The microstructure of NF@Co/C architecture is investigated by Raman spectrum, as shown in Fig. 4a. The peaks appearing around 194, 482, 522, 618, and 691 cm−1 are attributed to Co3O4.37–39 The XPS spectra further confirm the successful preparation of Co3O4/C (Fig. 4b). The Co 2p spectrum shows two prominent peaks, including 779.8 eV for Co 2p3/2 and 794.9 eV for Co 2p1/2, respectively (Fig. 4c).31,40 Two weak peaks at 786.2 and 804.1 eV may correspond to the shakeup satellite peaks. The energy difference between Co 2p3/2 and Co 2p1/2 is about 15 eV, revealing that the Co element exists mainly in the form of Co3O4.31,38 The peaks of Co 2p3/2 and Co 2p1/2 can be deconvoluted into four fitting peaks. The peaks at 781.2 and 796.7 eV are assigned to Co2+, while the other two peaks at 779.7 and 794.8 eV are attributed to Co3+.34–37 The O 1s spectrum can be resolved into three fitting curves with binding energies at 529.7, 531.1 and 532.1 eV (Fig. 4d). They are assigned to the metal–oxygen bonds (Co–O bonds, OL), oxygen vacancies (OV) and adsorbed oxygen species (OA), respectively.41 In addition, the C 1s spectrum can be deconvoluted into three major peaks (Fig. 4e). The peaks at 284.6, 285.7 and 287.8 eV are assigned to C–C bonds, C[double bond, length as m-dash]N bonds and C[double bond, length as m-dash]O bonds, respectively.31,40


image file: d2nr01024k-f4.tif
Fig. 4 (a) Raman spectrum of NF@Co/C, and inset is the crystal structure of Co3O4. (b) Broad scan XPS spectrum of NF@Co/C, and inset is the corresponding model. (c) Co 2p spectrum. (d) O 1s spectrum. (e) C 1s spectrum.
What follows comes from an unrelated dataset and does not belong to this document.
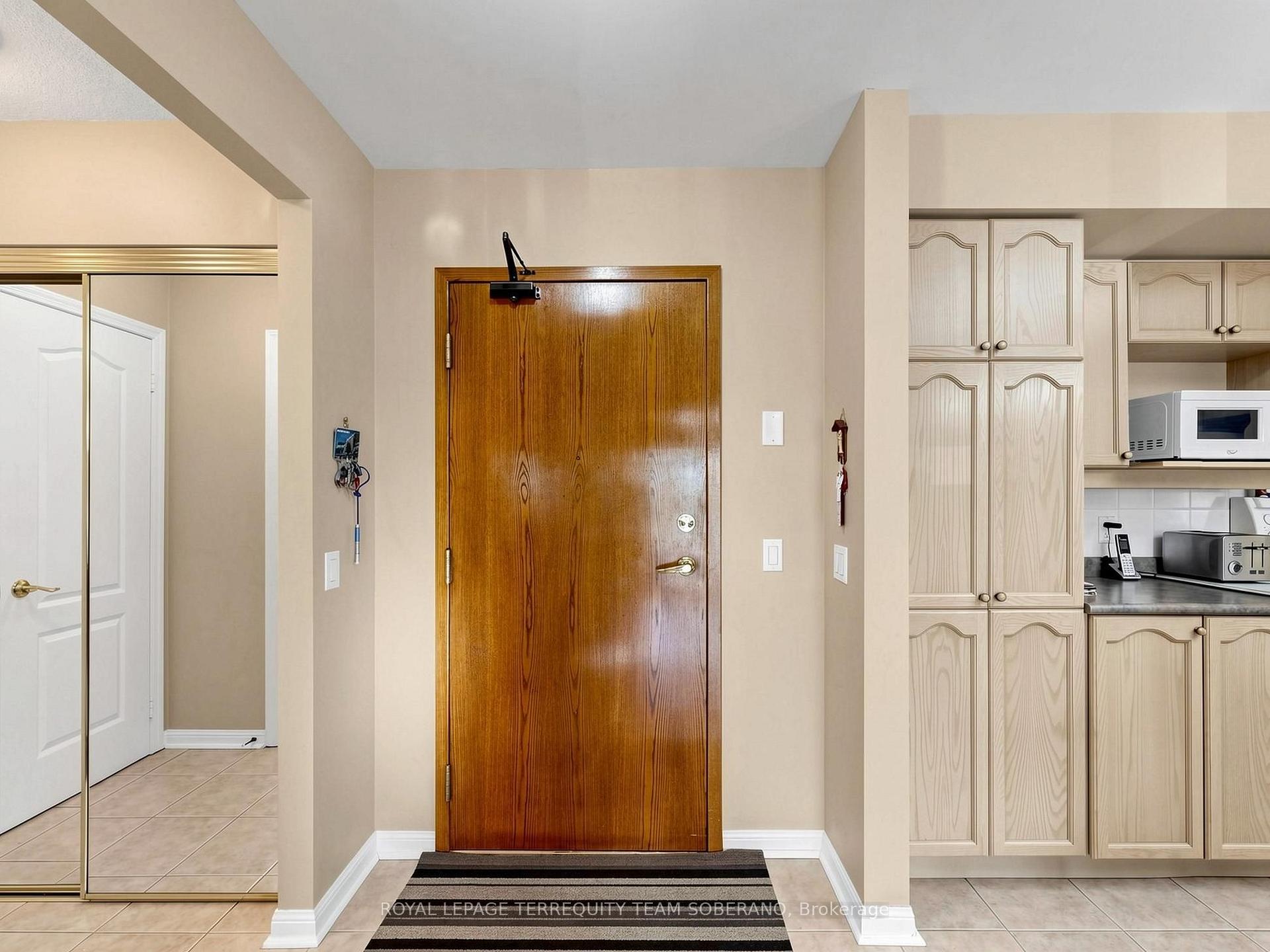 Photo 9 of Unit 212, 2506 Rutherford Road, Vaughan, Maple — HOMEH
The total shielding effectiveness (SET), as well as the contribution of absorption (SEA) and reflection (SER), of NF@Co/C architectures is investigated in the frequency range from 8.2 to 12.4 GHz (Fig. S2a–c). The obtained products demonstrate the fluctuant SET in X band, which may result from the uneven distribution of internal material. The NF@Co/C-550 sample has the optimal SET in the investigated frequency band due to the appropriate structure and component. Among them, Ni foam with high electrical conductivity significantly contributes to the reflection of electromagnetic waves, promoting the improvement of shielding performance (Fig. S3). The absorption coefficient (A), reflection coefficient (R) and transmission coefficient (T) represent the capability of a shielding material to absorb, reflect and transmit electromagnetic waves, respectively. As shown in Fig. S2d–f, both R and A coefficients vary to different degrees, and the A coefficient closes to 0.5 at most, indicating the possibility of green EMI shielding. Meanwhile, the T coefficient is less than 0.1, suggesting the high-efficiency EMI shielding of the architectures.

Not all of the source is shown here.